What does the broken brain say to the neuroscientist? Oscillations and connectivity in schizophrenia, Alzheimer's disease, and bipolar disorder


Başar E., Schmiedt-Fehr C., Mathes B., Femir B., EMEK SAVAŞ D. D., Tülay E., ...More

International Journal of Psychophysiology, vol.103, pp.135-148, 2016 (SCI-Expanded) identifier identifier identifier

  • Publication Type: Article / Review
  • Volume: 103
  • Publication Date: 2016
  • Doi Number: 10.1016/j.ijpsycho.2015.02.004
  • Journal Name: International Journal of Psychophysiology
  • Journal Indexes: Science Citation Index Expanded (SCI-EXPANDED), Social Sciences Citation Index (SSCI), Scopus
  • Page Numbers: pp.135-148
  • Keywords: Oscillations, Connectivity, Schizophrenia, Alzheimer's disease, Bipolar disorder
  • Istanbul Medipol University Affiliated: Yes

Abstract

The application of the concept and methods of brain oscillations has been an important research area in neurosciences. In the last decades, besides the application in cognitive processes, the study of changes in brain oscillations in diseases has also become an important focal point of research. In the present paper, some remarkable examples in three different diseases are taken into consideration: 1) schizophrenia (SZ), 2) Alzheimer's disease (AD), 3) bipolar disorders (BD). In the current literature, decreased oscillations in cortical recordings are observed in most of the pathologies. For example, decrease of gamma activity in SZ, decrease of delta activity in almost all diseases, as well as frequency shifts in alpha and the lower frequencies were recorded.

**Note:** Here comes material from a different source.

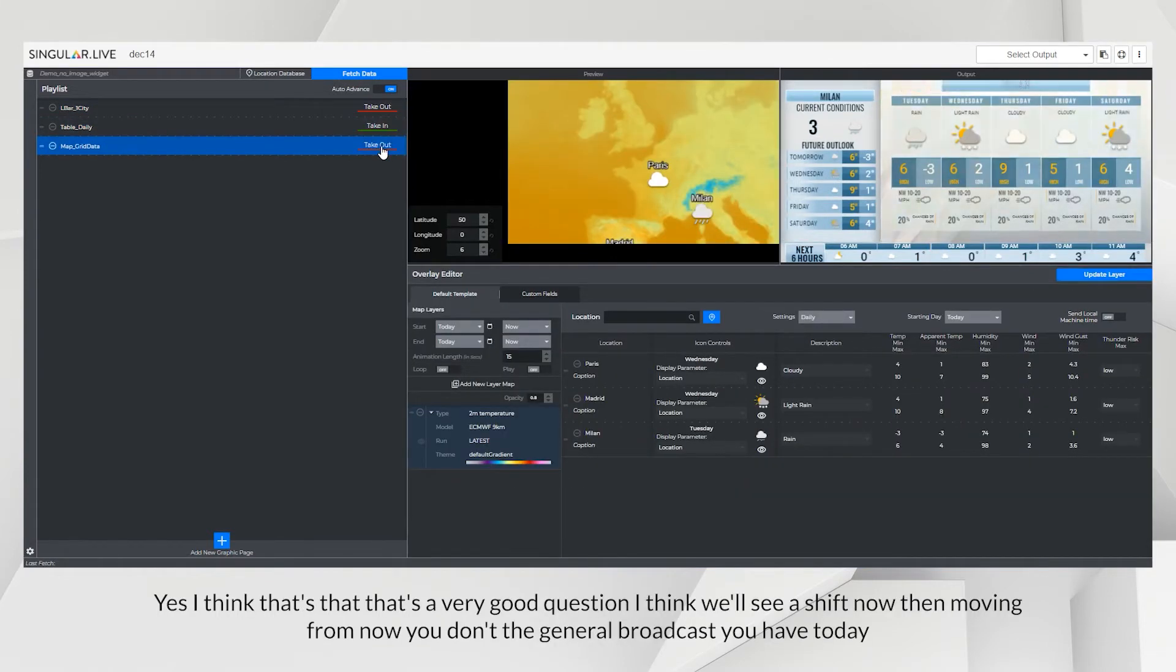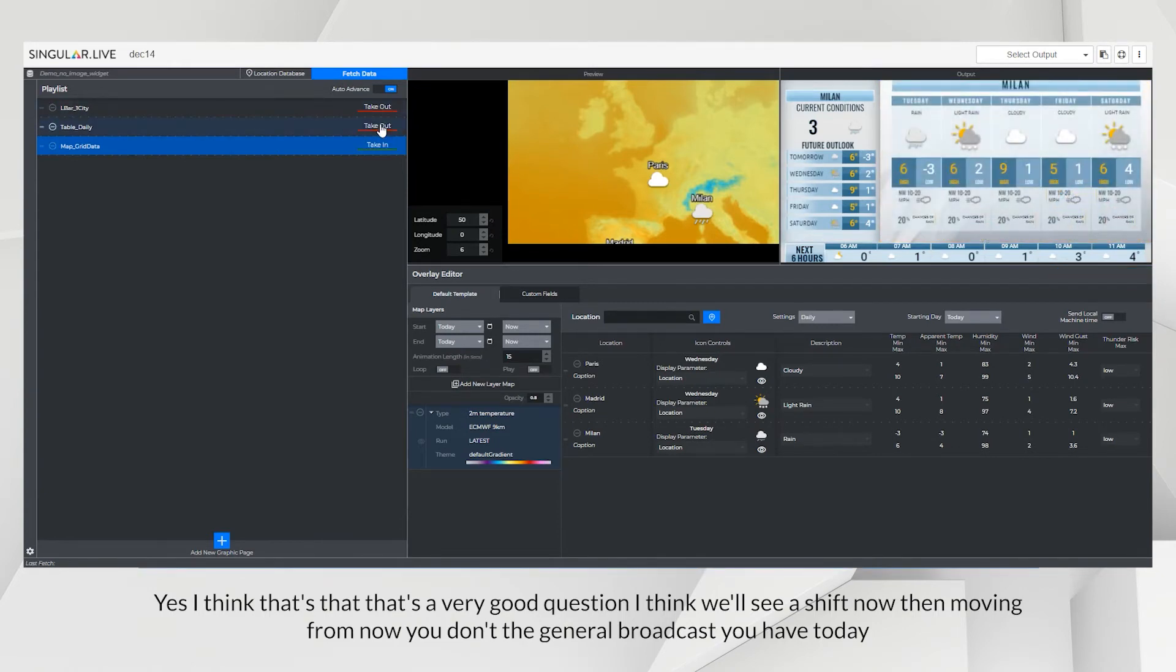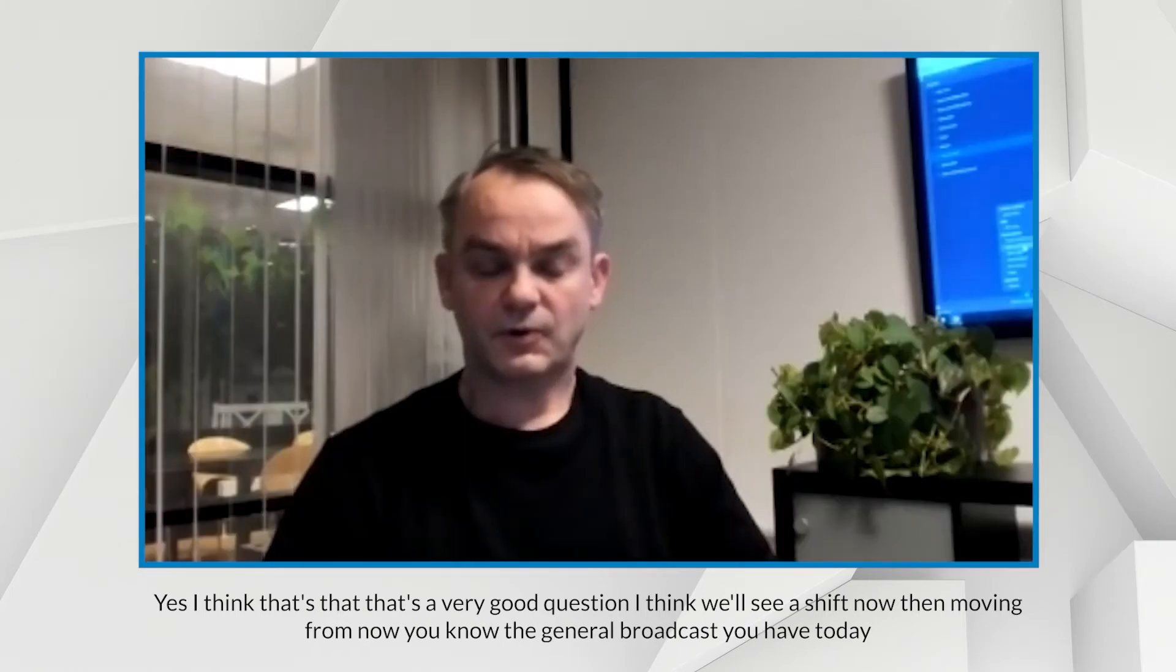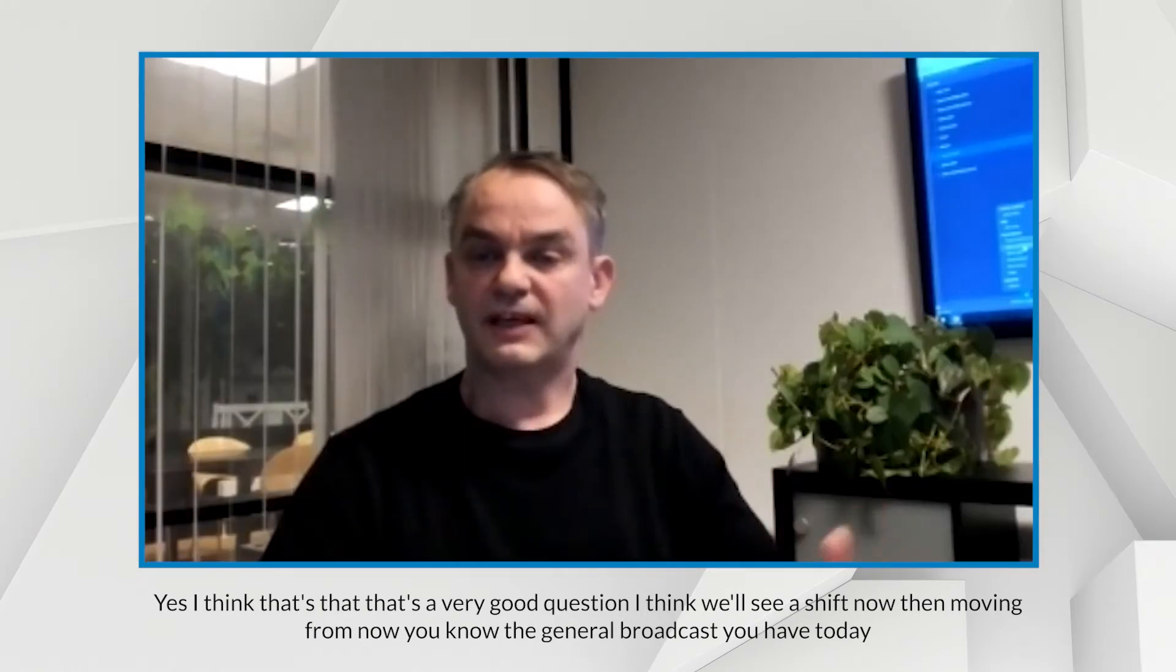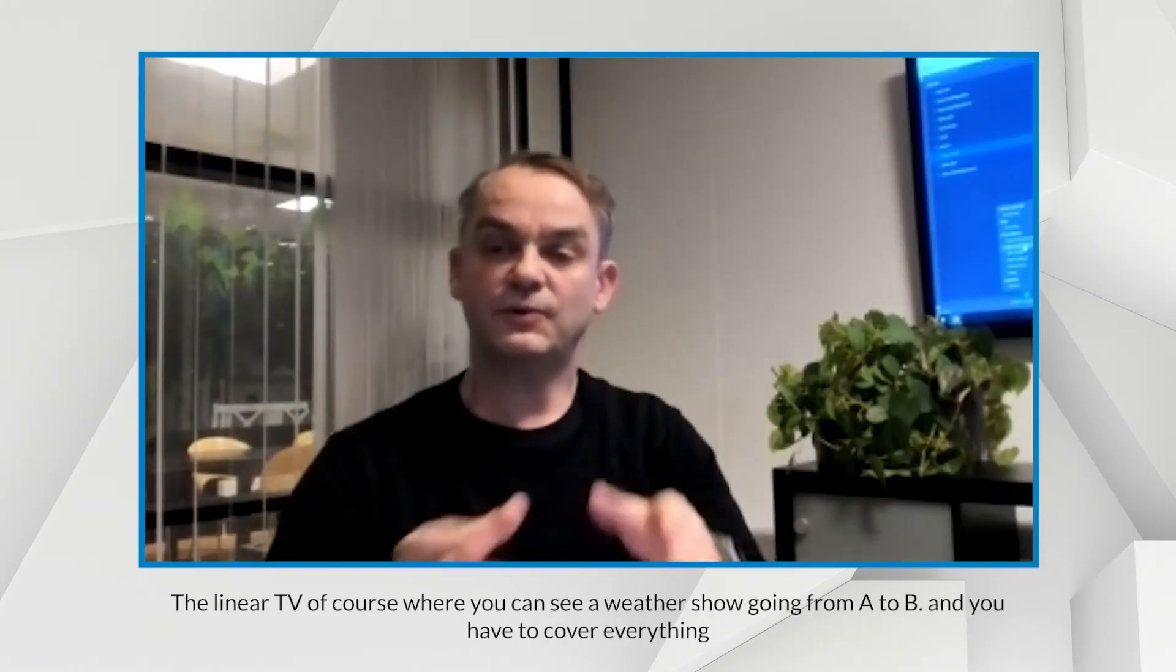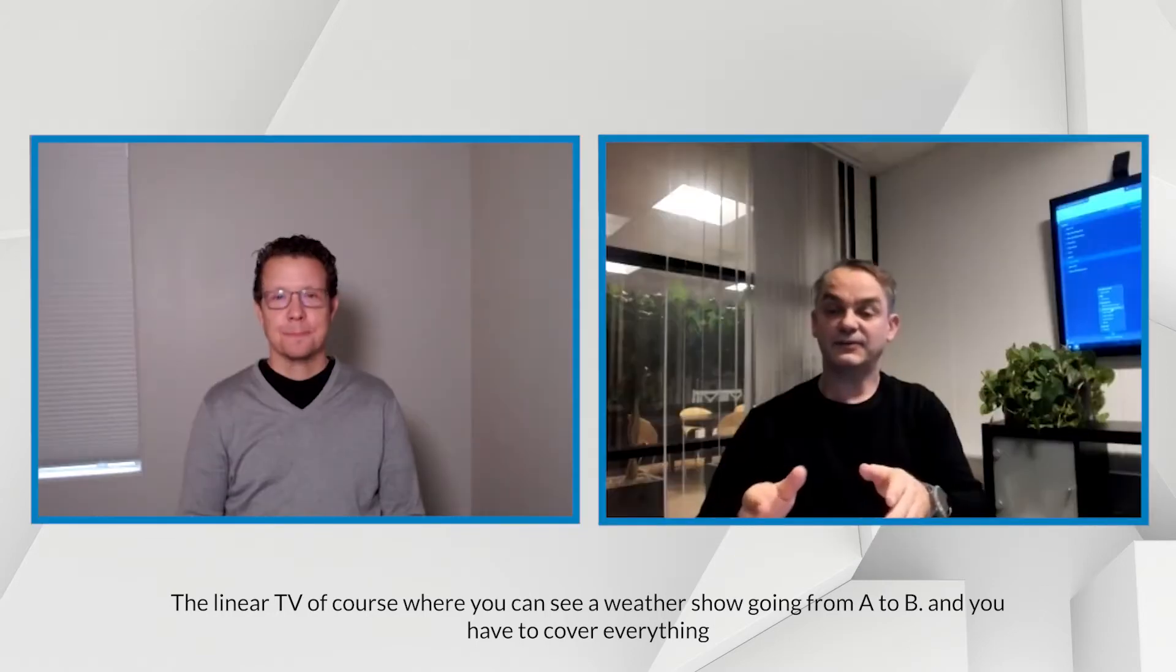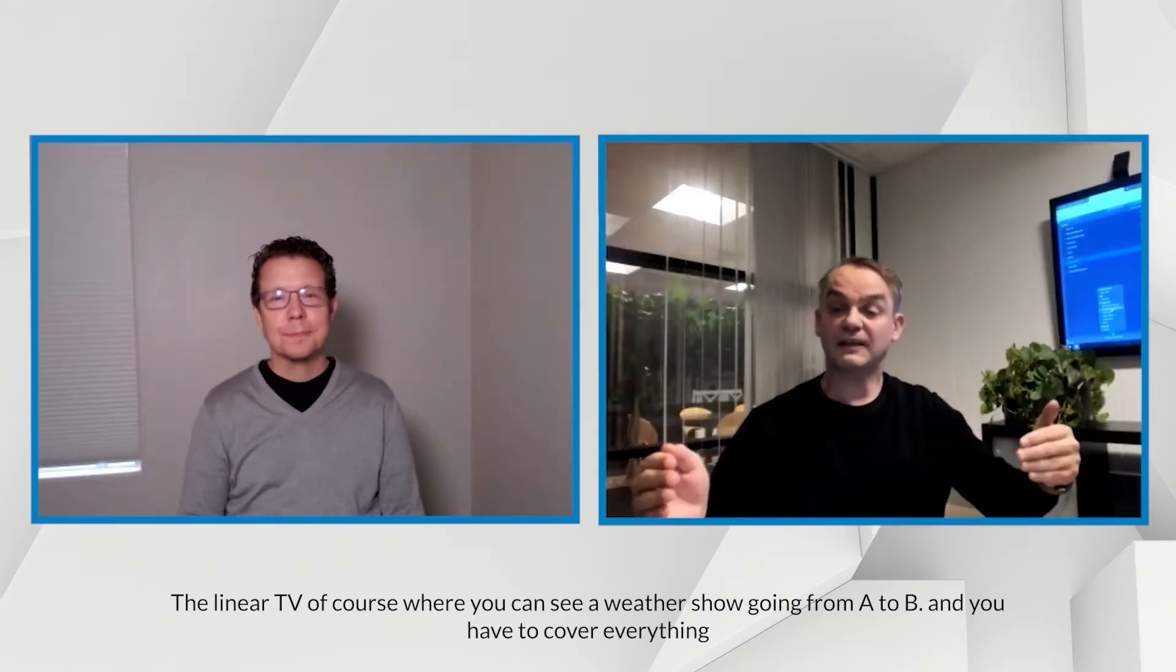Yeah, I think that's a very good question. I think we see a shift now. We're moving from the general broadcast you have today, the linear TV, of course, where you can see a weather show going from A to B, and you have to cover everything.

However, there are also paradoxical cases in which an increase of oscillatory activities is observed. In BD, whereas alpha activity is greatly decreased, a huge increase of beta activity is observed. Or, in SZ, a paradoxical increase of gamma activity can be observed during cognitive loading. We also observed paradoxical changes in the analysis of connectivity. In AD, we find that alpha, delta, and theta coherences between distant parts of the cortex are greatly decreased, whereas in the gamma band, event-related coherences attain very high values. The comparison of the results and paradoxical changes in diseases may lead to important conclusions related to the web of oscillations and neurotransmitters. In turn, we could gain new insights to approach “brain function”, in general.